In vanilla dropout, we drop off some percentage of neurons from the neural network by setting the weights of these neurons as zero for that particular forward and backward pass. The idea behind dropout is to remove any dependencies between neurons and enable them to learn more robust features. It can also be thought of as a regularization technique since we are penalizing the model by not allowing it to use all the neurons and hence learn more complex features from the data. Word dropout proposed in Bowman et al. is similar in spirit. It is a way of weakening the decoder by reducing the information provided to the decoder directly. One way to implement this would be to dynamically update the embedding layer in the decoder. However, partially updating weights in an embedding layer during training is not as straightforward as it seems. Instead, word dropout is parameterized by a word keep rate $k\ \epsilon\ [0,1]$. At $k\ =\ 0$, the decoder has no inputs and predicts only based on the previously generated words and the latent variable $z$. The authors replace the ground-truth/label words with UNK tokens randomly which forces the decoder to look at the latent variable to predict the next word correctly.

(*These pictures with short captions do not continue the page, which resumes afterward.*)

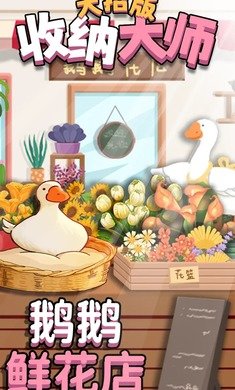 收纳大师大招版无广告图2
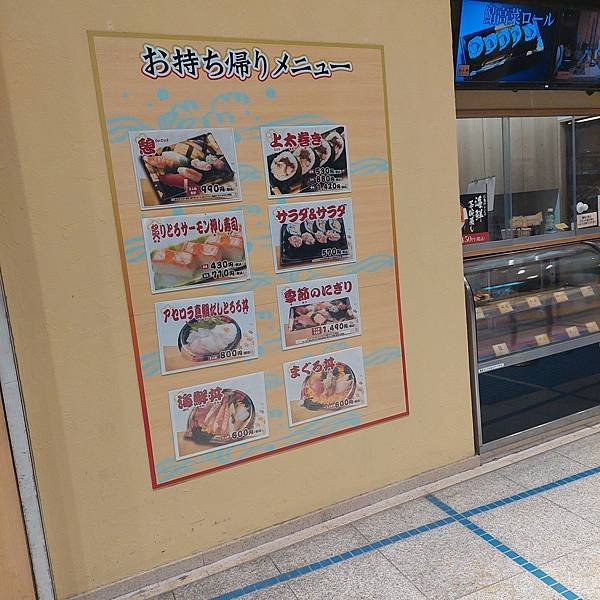 【日本 ◎ 名古屋】德兵衛迴轉壽司 ● 栄駅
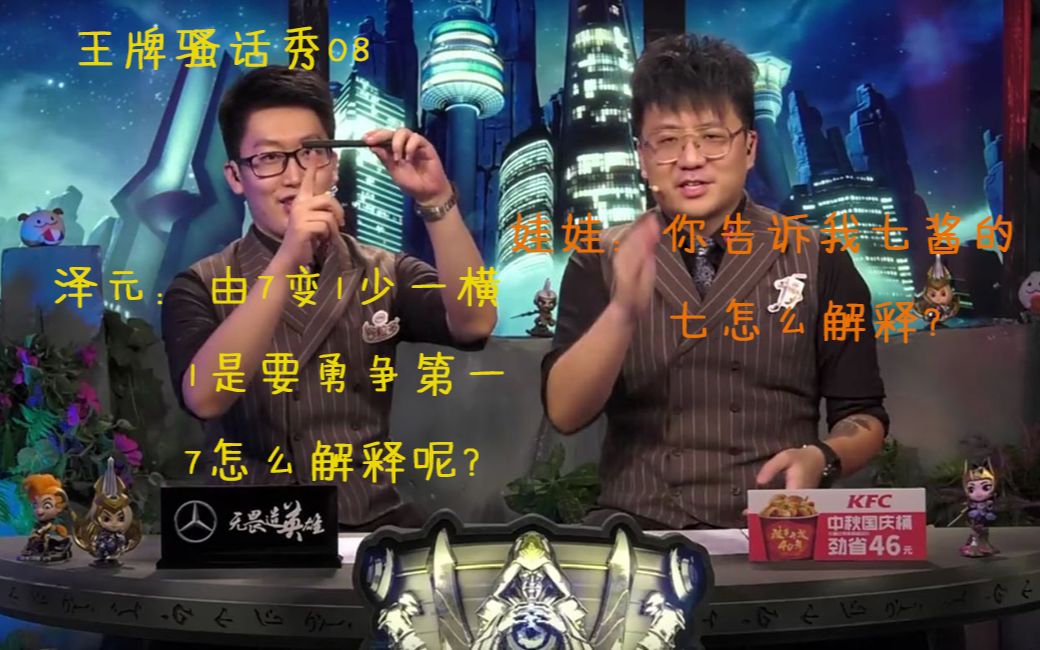 【王牌骚话秀08】娃娃:你告诉我七酱的7怎么解释?泽元:由7变1少一横,要我解释,我也不懂!哔哩哔哩bilibili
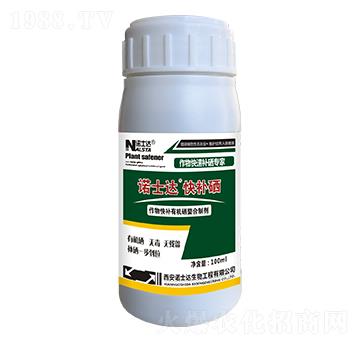 作物快速補硒專家-快補硒-諾士達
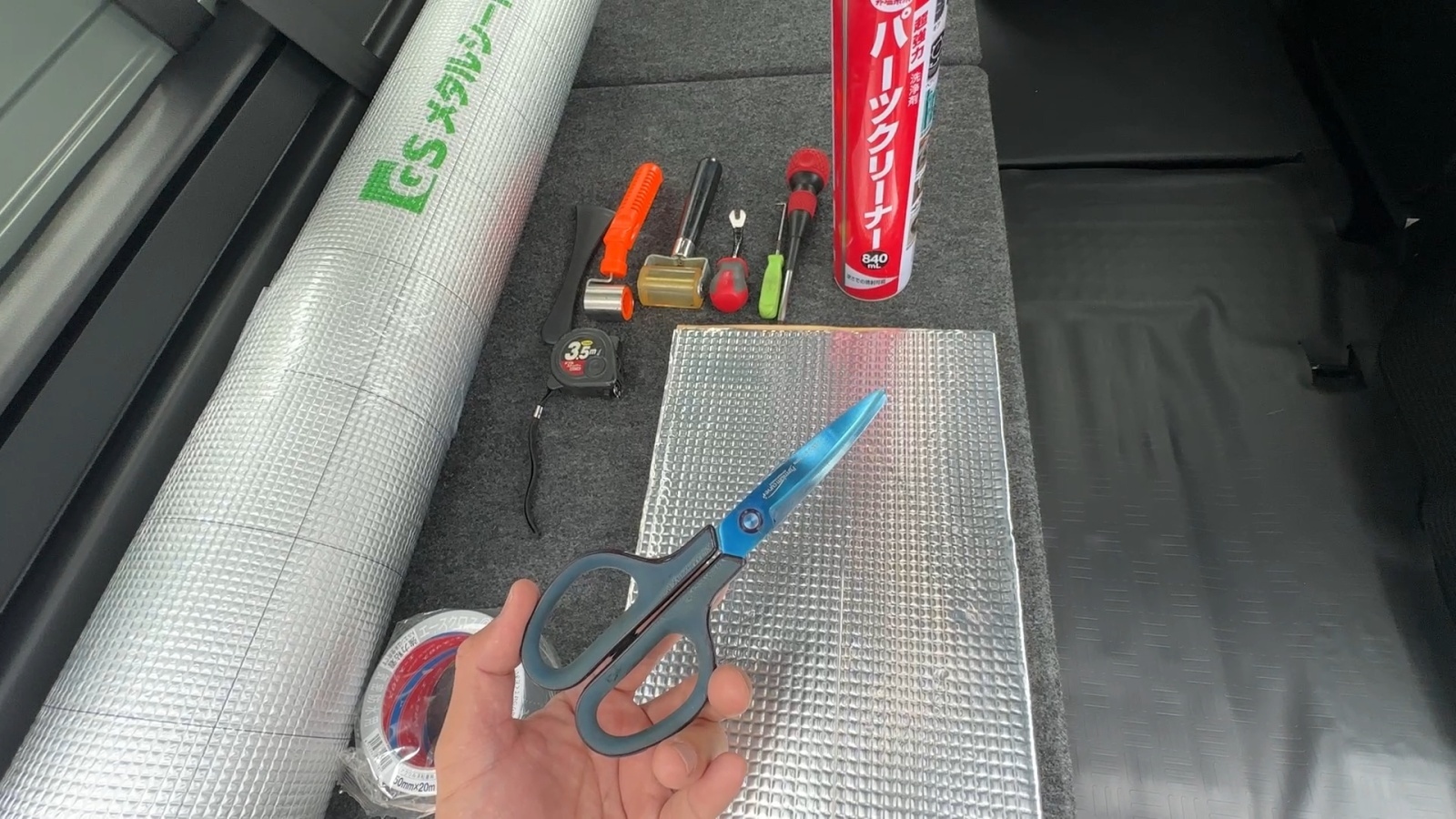 使用工具一覧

Intuitively, word dropout implements something that humans do quite naturally. If we already know about the text document we're going to read, we tend to skip a few words and are still able to make sense out of it. We're essentially relying on some latent information about the document within our brains, which is analogous to the idea behind word dropout.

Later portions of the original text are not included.